→ WHAT YOU NEED TO DO
The output is the lines below from the one with "大***疆斗鱼392巨斗1111星1" through the one with "Rough - Patt", both included, printed exactly and with no other line.

→ DATASET
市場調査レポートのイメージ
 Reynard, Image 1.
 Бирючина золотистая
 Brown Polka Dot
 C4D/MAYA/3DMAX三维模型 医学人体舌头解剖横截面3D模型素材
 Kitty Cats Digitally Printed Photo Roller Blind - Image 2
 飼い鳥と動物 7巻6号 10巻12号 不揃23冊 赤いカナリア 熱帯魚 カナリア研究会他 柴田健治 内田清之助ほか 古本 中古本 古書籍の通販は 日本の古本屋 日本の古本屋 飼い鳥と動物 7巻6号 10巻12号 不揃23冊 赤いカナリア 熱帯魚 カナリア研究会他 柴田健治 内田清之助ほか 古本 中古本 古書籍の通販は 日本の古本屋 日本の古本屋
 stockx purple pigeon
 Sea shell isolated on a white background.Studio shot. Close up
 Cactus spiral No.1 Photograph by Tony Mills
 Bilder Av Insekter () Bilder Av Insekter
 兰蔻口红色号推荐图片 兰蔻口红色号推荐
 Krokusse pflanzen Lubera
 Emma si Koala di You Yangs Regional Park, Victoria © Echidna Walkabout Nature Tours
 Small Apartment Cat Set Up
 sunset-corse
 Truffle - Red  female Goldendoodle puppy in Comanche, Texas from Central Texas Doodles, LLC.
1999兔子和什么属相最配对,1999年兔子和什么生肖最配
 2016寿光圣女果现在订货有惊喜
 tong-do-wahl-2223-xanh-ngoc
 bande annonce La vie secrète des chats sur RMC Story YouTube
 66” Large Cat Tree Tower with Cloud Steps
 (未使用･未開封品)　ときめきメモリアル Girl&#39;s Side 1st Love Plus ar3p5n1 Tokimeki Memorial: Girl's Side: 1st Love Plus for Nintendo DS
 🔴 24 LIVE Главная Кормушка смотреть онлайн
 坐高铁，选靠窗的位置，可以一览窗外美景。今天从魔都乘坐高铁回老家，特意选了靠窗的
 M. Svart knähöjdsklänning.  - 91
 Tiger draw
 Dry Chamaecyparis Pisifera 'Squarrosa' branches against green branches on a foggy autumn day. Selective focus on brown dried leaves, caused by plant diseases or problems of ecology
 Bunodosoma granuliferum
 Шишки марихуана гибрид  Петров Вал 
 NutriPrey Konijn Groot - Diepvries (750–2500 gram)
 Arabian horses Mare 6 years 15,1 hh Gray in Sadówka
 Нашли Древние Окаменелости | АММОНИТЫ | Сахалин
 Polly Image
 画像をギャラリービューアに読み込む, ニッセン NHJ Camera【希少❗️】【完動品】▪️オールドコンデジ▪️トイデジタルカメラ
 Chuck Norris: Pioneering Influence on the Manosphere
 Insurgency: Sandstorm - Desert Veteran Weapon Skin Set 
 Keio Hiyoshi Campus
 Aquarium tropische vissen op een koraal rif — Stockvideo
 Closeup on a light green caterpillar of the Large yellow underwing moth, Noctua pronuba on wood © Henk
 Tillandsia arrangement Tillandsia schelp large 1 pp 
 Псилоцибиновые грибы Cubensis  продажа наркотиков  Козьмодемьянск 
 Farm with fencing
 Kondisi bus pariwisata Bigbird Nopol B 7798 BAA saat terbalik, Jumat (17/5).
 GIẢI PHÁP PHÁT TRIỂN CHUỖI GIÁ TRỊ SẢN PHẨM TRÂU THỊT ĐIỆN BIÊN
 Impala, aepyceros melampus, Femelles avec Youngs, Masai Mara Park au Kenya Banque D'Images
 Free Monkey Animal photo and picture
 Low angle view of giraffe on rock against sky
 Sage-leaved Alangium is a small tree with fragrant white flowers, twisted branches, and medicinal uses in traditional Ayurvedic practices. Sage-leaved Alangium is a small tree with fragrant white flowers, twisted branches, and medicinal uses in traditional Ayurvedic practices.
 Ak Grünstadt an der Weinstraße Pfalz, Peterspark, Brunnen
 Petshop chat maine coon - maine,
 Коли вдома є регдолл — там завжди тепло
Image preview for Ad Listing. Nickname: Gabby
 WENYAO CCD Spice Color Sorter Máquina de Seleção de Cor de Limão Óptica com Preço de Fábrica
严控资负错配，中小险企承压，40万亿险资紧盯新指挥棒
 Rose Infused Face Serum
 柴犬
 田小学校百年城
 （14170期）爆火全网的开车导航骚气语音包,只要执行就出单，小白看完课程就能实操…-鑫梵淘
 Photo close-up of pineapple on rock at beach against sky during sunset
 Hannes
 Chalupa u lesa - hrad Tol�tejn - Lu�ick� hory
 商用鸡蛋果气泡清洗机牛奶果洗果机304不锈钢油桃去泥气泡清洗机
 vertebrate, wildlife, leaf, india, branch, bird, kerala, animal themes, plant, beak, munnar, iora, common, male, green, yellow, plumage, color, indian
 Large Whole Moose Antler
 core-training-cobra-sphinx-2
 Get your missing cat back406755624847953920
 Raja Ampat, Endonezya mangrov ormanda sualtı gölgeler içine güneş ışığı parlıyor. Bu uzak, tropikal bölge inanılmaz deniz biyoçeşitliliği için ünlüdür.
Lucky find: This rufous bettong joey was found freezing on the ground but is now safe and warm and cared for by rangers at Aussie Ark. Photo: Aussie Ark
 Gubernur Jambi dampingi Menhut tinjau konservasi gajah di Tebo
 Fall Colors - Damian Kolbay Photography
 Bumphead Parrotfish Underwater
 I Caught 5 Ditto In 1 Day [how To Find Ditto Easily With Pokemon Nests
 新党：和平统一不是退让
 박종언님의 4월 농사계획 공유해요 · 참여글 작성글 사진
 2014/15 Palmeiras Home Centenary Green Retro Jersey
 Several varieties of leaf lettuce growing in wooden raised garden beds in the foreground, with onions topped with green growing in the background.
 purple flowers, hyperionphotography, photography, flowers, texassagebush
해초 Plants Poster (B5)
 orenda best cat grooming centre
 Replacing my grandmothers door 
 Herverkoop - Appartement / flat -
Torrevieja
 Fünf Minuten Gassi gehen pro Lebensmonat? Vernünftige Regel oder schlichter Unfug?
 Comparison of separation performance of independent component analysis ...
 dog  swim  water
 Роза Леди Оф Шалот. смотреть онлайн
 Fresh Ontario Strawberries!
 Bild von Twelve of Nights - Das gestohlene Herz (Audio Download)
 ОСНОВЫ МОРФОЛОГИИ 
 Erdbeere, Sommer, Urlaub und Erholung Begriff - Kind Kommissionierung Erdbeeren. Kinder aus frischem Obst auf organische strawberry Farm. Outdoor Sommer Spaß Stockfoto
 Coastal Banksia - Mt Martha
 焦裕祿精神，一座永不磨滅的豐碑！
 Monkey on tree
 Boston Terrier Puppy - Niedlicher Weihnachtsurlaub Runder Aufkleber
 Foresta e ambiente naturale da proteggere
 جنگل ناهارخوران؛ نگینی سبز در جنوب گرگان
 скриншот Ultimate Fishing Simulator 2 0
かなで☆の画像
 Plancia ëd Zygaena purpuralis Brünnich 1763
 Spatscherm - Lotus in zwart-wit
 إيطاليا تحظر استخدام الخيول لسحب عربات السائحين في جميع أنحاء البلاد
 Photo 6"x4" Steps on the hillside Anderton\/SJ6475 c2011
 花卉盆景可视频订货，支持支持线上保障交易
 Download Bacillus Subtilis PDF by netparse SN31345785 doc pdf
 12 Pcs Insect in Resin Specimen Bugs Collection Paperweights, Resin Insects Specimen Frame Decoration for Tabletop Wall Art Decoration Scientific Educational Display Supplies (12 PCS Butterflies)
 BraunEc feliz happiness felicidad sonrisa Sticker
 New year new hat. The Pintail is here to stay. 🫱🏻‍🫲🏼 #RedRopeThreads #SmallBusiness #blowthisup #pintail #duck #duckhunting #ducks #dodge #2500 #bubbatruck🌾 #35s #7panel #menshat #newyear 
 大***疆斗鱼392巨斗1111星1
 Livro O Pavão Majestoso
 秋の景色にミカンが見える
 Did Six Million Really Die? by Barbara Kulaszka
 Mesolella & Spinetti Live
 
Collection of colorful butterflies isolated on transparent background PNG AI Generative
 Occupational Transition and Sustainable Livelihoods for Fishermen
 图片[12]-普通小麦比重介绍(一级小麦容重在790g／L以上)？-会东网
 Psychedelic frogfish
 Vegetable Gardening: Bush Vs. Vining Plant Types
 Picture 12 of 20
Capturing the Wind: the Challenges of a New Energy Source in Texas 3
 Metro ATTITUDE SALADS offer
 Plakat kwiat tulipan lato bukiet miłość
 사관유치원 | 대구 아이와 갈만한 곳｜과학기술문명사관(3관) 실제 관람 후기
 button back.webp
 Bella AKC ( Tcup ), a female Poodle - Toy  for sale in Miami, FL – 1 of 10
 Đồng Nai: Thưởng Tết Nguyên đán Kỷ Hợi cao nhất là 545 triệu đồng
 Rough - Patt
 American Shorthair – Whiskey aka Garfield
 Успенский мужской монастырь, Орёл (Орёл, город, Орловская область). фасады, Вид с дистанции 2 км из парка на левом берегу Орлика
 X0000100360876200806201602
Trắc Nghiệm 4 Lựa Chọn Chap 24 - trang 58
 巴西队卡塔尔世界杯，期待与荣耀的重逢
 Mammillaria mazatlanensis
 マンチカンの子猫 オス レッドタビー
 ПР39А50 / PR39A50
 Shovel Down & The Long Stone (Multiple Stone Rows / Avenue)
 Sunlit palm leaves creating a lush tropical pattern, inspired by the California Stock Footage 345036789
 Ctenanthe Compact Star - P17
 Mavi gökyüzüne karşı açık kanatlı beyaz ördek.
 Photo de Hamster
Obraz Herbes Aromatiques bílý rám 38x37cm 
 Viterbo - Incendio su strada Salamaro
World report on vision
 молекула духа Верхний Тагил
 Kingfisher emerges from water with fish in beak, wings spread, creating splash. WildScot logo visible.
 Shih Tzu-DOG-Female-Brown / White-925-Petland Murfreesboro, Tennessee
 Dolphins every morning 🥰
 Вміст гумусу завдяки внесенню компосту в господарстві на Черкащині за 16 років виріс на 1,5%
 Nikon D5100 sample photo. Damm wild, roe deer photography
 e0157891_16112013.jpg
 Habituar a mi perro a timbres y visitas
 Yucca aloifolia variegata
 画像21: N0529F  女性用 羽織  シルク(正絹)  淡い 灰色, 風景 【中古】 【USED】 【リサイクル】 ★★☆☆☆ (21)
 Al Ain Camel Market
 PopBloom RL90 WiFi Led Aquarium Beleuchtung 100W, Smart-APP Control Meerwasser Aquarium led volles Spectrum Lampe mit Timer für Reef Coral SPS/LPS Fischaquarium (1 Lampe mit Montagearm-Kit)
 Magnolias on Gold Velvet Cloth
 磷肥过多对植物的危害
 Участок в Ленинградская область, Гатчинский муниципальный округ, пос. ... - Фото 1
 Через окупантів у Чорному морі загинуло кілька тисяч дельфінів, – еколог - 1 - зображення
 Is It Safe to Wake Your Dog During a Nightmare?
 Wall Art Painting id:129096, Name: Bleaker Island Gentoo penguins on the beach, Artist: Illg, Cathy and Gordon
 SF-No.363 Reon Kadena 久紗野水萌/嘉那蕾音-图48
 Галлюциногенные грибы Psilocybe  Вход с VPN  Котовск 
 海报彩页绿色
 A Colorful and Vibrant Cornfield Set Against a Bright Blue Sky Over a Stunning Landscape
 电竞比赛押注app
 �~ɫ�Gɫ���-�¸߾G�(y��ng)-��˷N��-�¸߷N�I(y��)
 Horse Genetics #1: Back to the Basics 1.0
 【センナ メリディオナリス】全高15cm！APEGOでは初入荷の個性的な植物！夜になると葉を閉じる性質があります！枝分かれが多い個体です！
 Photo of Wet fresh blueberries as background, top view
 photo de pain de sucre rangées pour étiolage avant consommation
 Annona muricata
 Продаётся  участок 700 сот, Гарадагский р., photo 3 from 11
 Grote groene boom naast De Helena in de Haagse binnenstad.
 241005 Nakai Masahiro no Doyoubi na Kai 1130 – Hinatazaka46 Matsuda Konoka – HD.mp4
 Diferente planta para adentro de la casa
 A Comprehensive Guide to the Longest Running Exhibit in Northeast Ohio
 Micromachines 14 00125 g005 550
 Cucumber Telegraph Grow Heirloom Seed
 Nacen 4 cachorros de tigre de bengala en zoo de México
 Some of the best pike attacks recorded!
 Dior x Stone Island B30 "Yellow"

→ SOLUTION FOR THIS TASK
 大***疆斗鱼392巨斗1111星1
 Livro O Pavão Majestoso
 秋の景色にミカンが見える
 Did Six Million Really Die? by Barbara Kulaszka
 Mesolella & Spinetti Live
 
Collection of colorful butterflies isolated on transparent background PNG AI Generative
 Occupational Transition and Sustainable Livelihoods for Fishermen
 图片[12]-普通小麦比重介绍(一级小麦容重在790g／L以上)？-会东网
 Psychedelic frogfish
 Vegetable Gardening: Bush Vs. Vining Plant Types
 Picture 12 of 20
Capturing the Wind: the Challenges of a New Energy Source in Texas 3
 Metro ATTITUDE SALADS offer
 Plakat kwiat tulipan lato bukiet miłość
 사관유치원 | 대구 아이와 갈만한 곳｜과학기술문명사관(3관) 실제 관람 후기
 button back.webp
 Bella AKC ( Tcup ), a female Poodle - Toy  for sale in Miami, FL – 1 of 10
 Đồng Nai: Thưởng Tết Nguyên đán Kỷ Hợi cao nhất là 545 triệu đồng
 Rough - Patt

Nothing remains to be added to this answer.